[DATA UNDER STUDY]
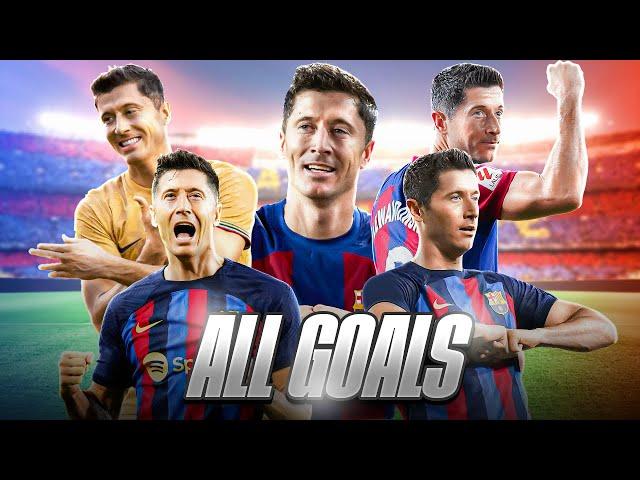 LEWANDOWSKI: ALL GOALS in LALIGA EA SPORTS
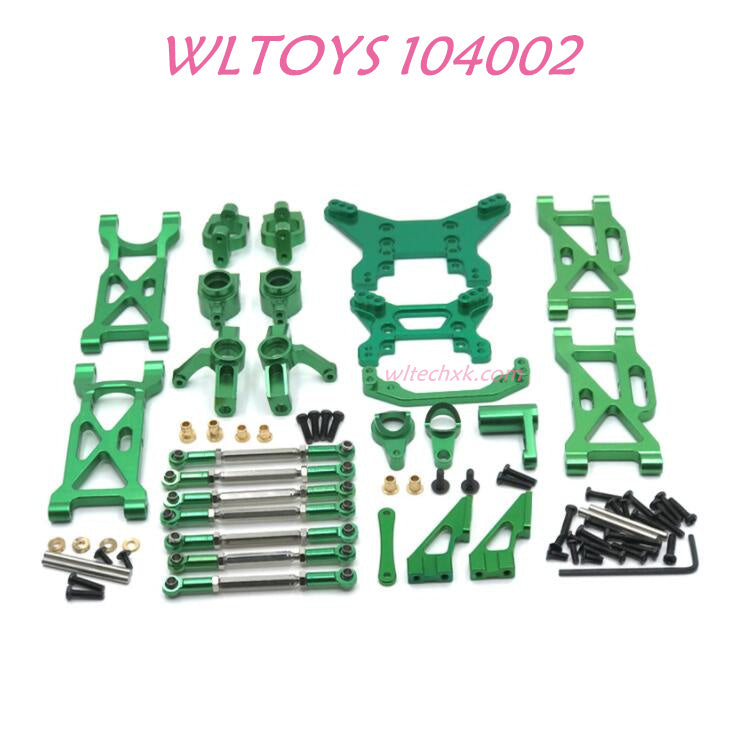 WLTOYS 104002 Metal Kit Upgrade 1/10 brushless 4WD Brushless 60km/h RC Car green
[/DATA UNDER STUDY]
[DATA UNDER STUDY]
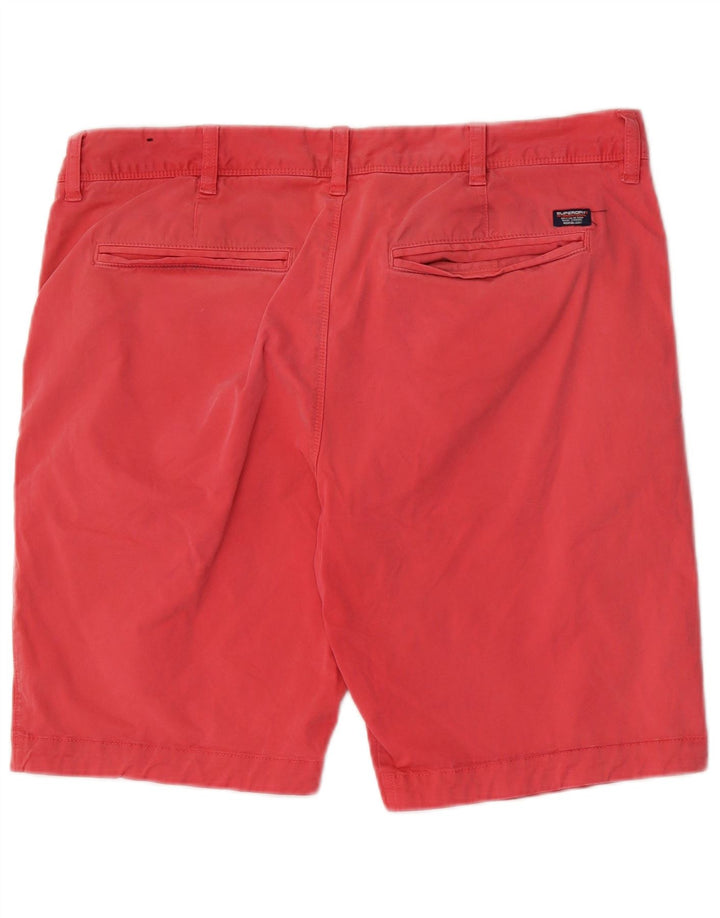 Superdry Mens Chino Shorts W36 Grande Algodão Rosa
[/DATA UNDER STUDY]
- [WORK TASK]: Taking the material above, give again exactly the lines from the one holding "LEWANDOWSKI: ALL GOALS in LALIGA EA SPORTS" through the one holding "WLTOYS 104002 Metal", with both ends and without pictures.

- [RESULT BELOW]:
 LEWANDOWSKI: ALL GOALS in LALIGA EA SPORTS
 WLTOYS 104002 Metal Kit Upgrade 1/10 brushless 4WD Brushless 60km/h RC Car green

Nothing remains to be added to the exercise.